Le Diable n’est pas la seule figure des récits légendaires. Nous y trouvons aussi les fées sous forme de dames blanches et les esprits domestiques sous forme de lutins et les feux follets. La Dame blanche pouvait être sainte Anne, la Vierge Marie, le fantôme d’une fille qui se jeta dans les chutes Montmorency ou une sorcière amérindienne qui noyait les voyageurs. La nuit, les lutins montaient des chevaux. Sous forme de petits bonshommes gris, ils étaient aussi gardiens de trésors. De son côté, le feu follet entraînait des voyageurs vers des marais. Quant au loup-garou, un homme condamné à se transformer en loup pour n’avoir pas communié à Pâques, il s’attaquait aux passants.

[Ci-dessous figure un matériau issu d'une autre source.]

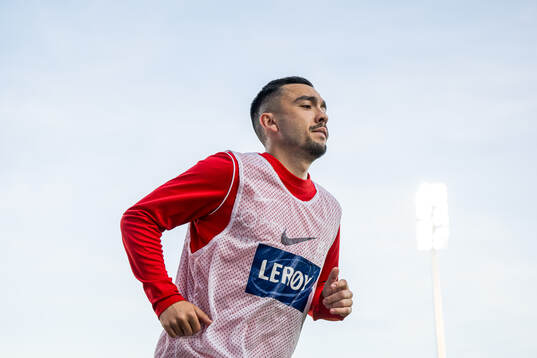 Niklas Castro of Brann warms up
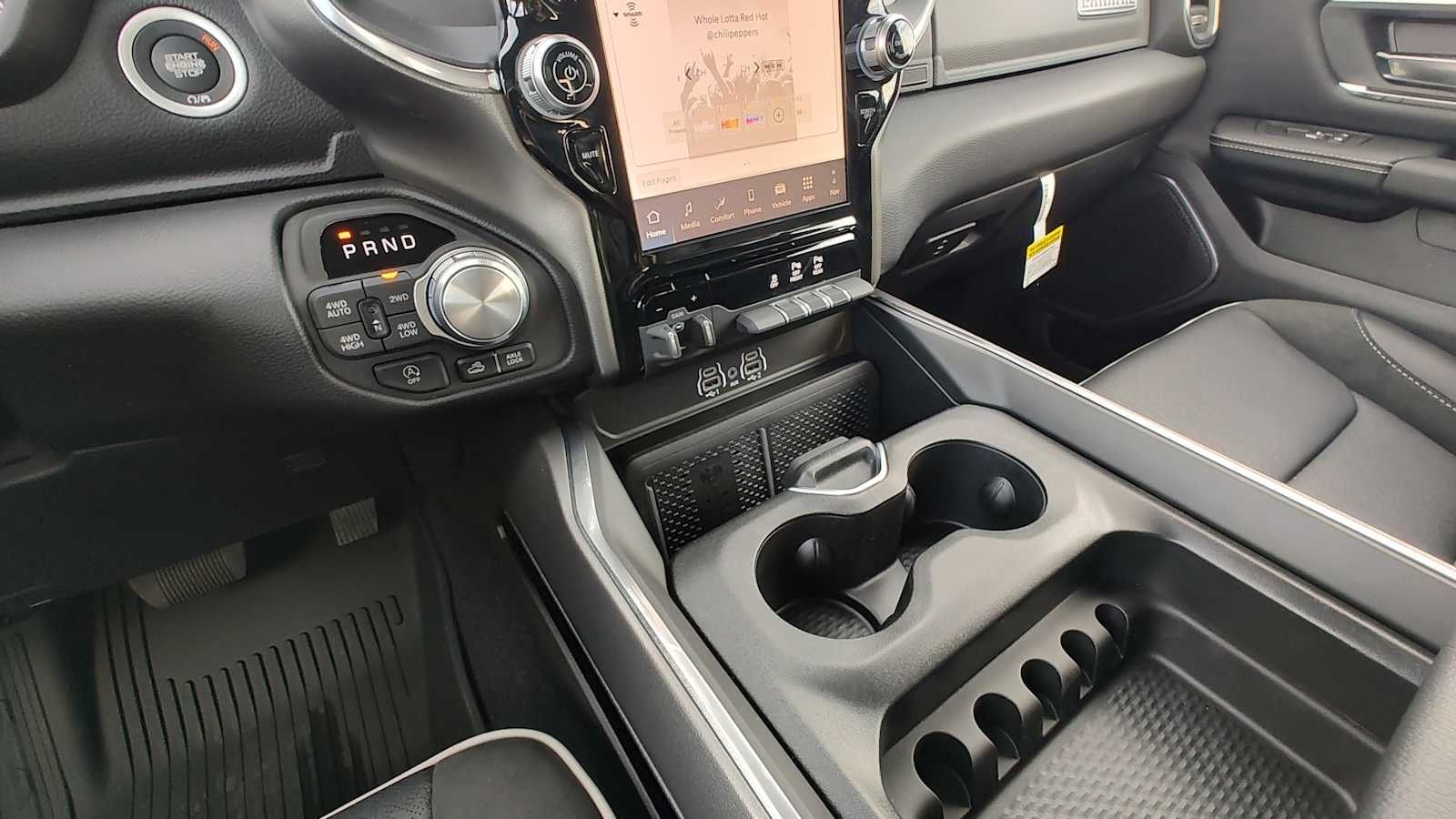 Thumbnail: 2026 RAM 1500 - 17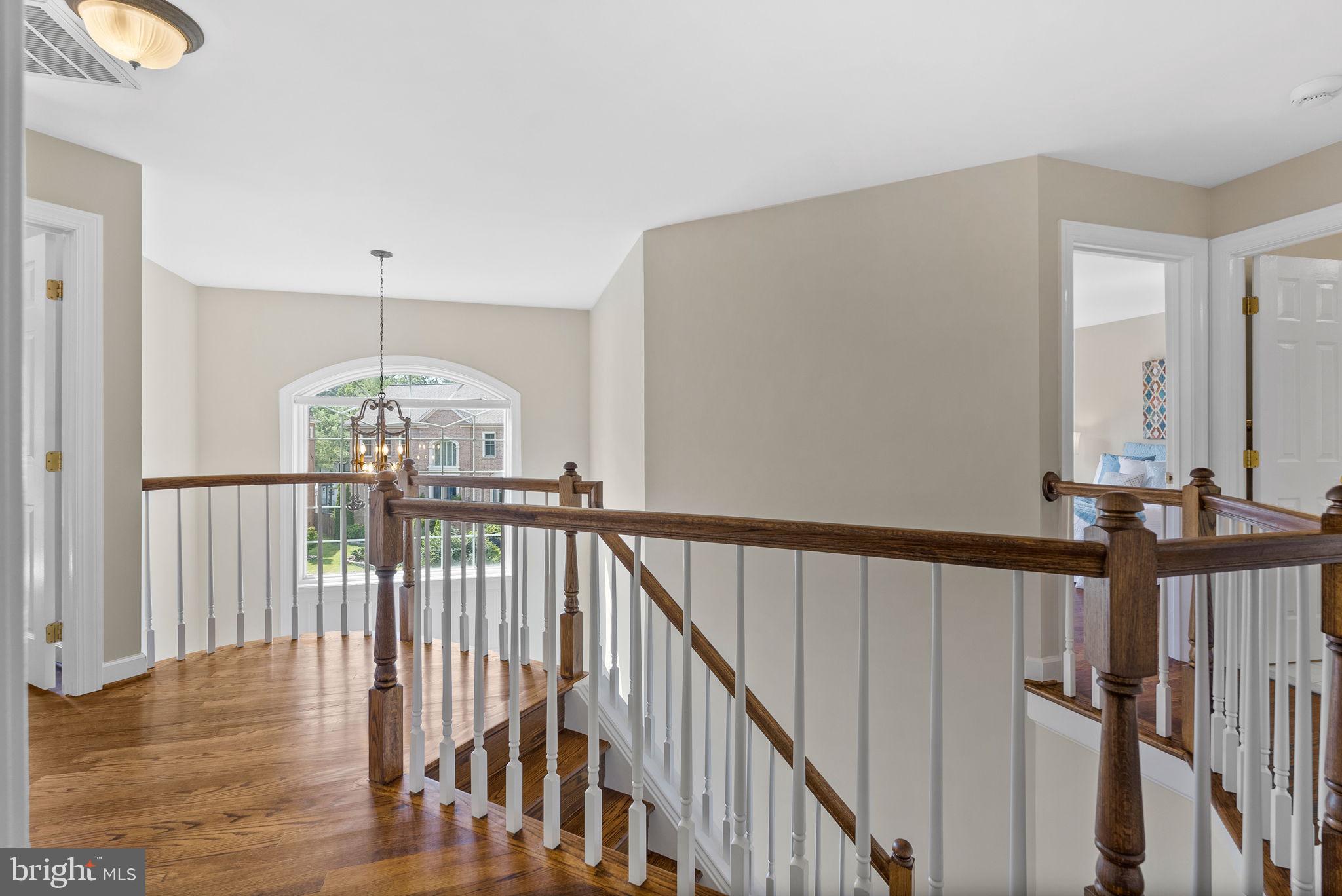 SPY HILL - Residential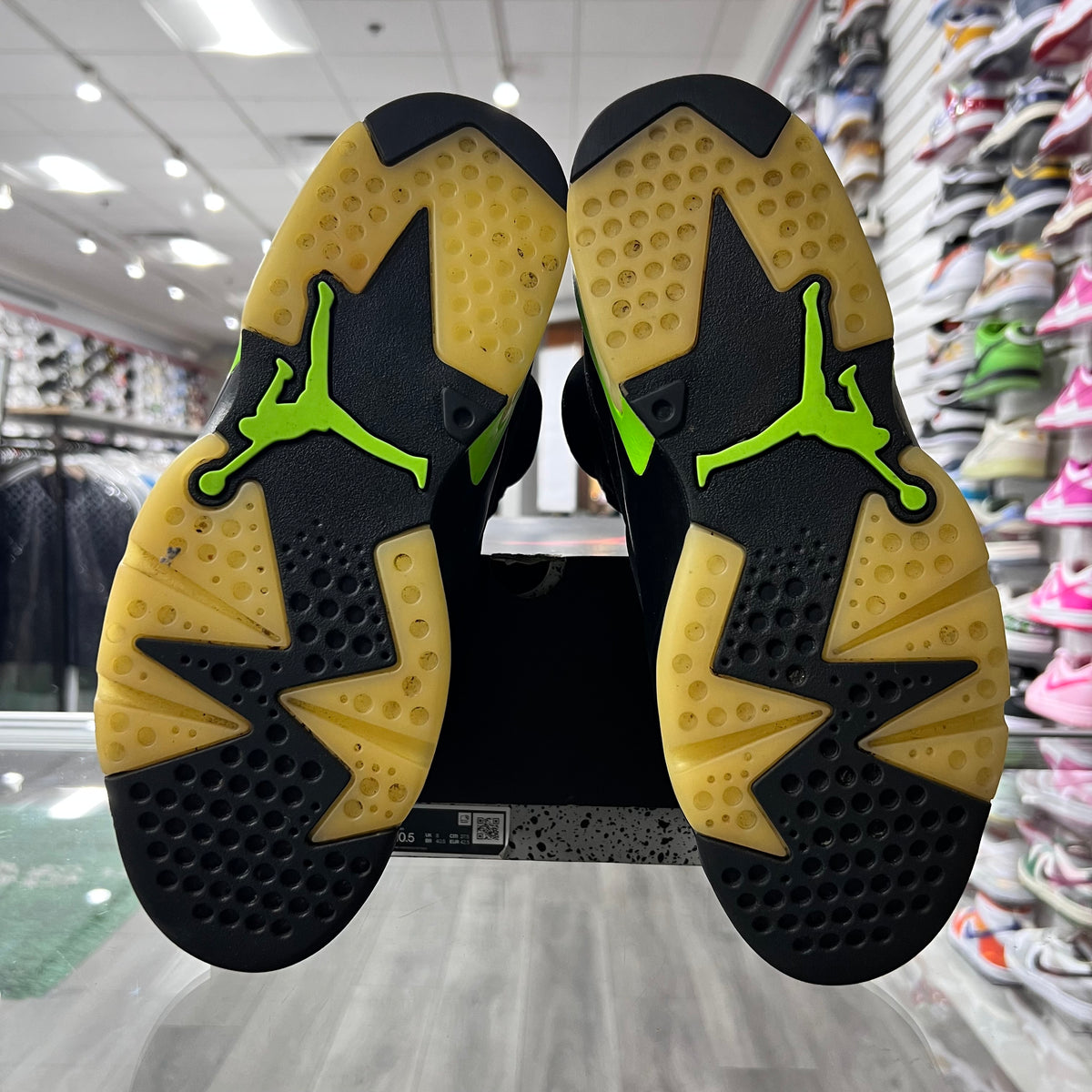 Jordan Retro 6 Mens Electric Green (Lightly Worn)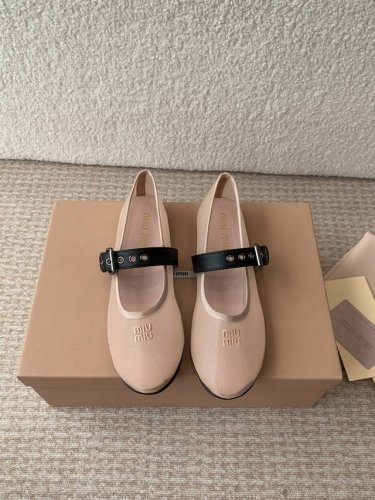 miumiu 缪缪25夏季新品玛丽珍芭蕾舞跳舞鞋平底简易单鞋奶奶鞋！ 满满的少女心，款式设计可爱优雅不乏美艳色彩，简简单单又藏着小心机，优雅大方低调显气质，可咸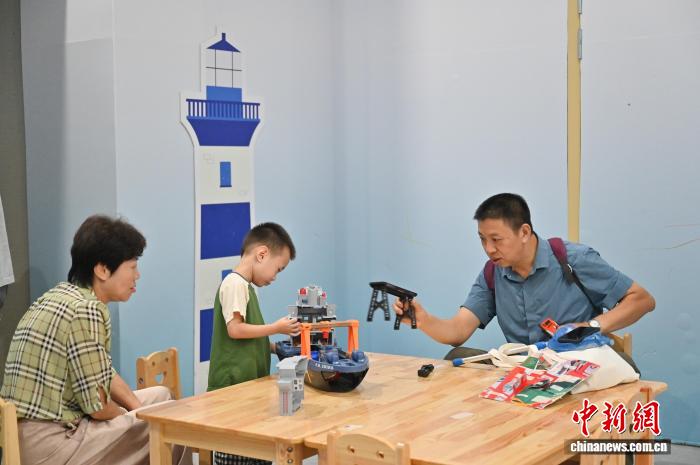 游客走进广州海事博物馆 感受海丝文化魅力 游客走进广州海事博物馆感受海丝文化魅力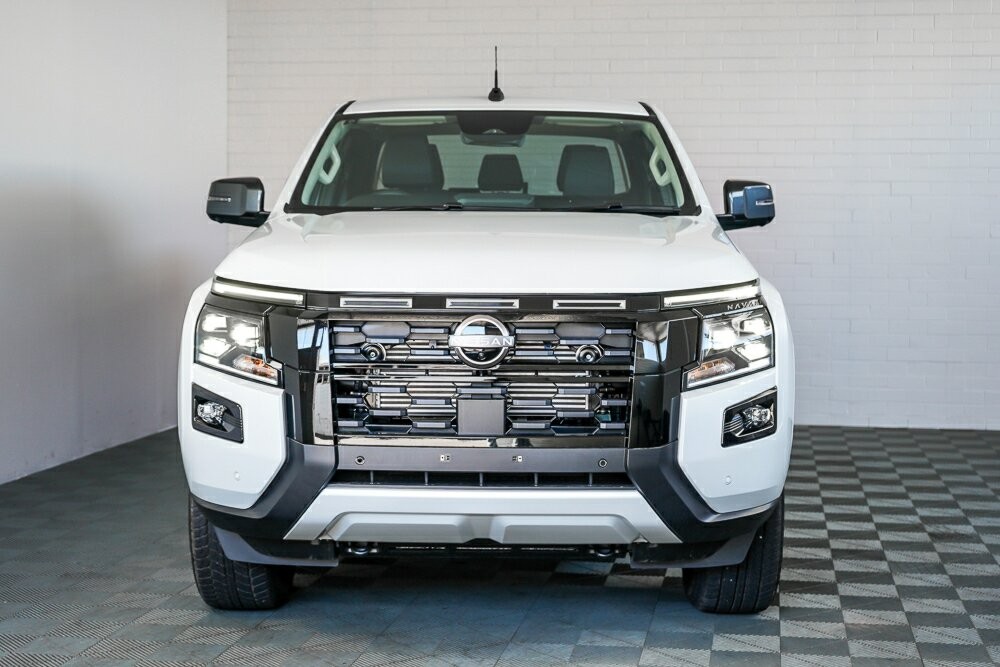 Nissan Navara image 3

Un domaine légendaire particulièrement riche est celui des morts qui reviennent sous la forme de morts suppliants, de morts pénitents, de morts débiteurs, de morts agresseurs ou tout simplement d’« âmes en peine ».

Les légendes « historiques » portent sur des athlètes comme Jos Montferrand et Alexis le Trotteur. Le père Labrosse et le père Ambroise Rouillard sont entrés dans la légende, grâce à leur don de prophétie, comme de simples curés qui ont « arrêté » des incendies ou des inondations. Les trésors cachés constituent aussi un thème qui revient souvent dans les récits légendaires. Pour terminer, mentionnons l’ermite de l’île Saint-Barnabé, Toussaint Cartier, l’arpenteur Fournier, qui se noya dans la rivière Matapédia, Madeleine de Repentigny et la lampe qui brûle à perpétuité chez les ursulines de Québec et Blanche de Beaumont, qui se noya pour échapper à des pirates, dont le navire fut changé en pierre tout près du rocher Percé.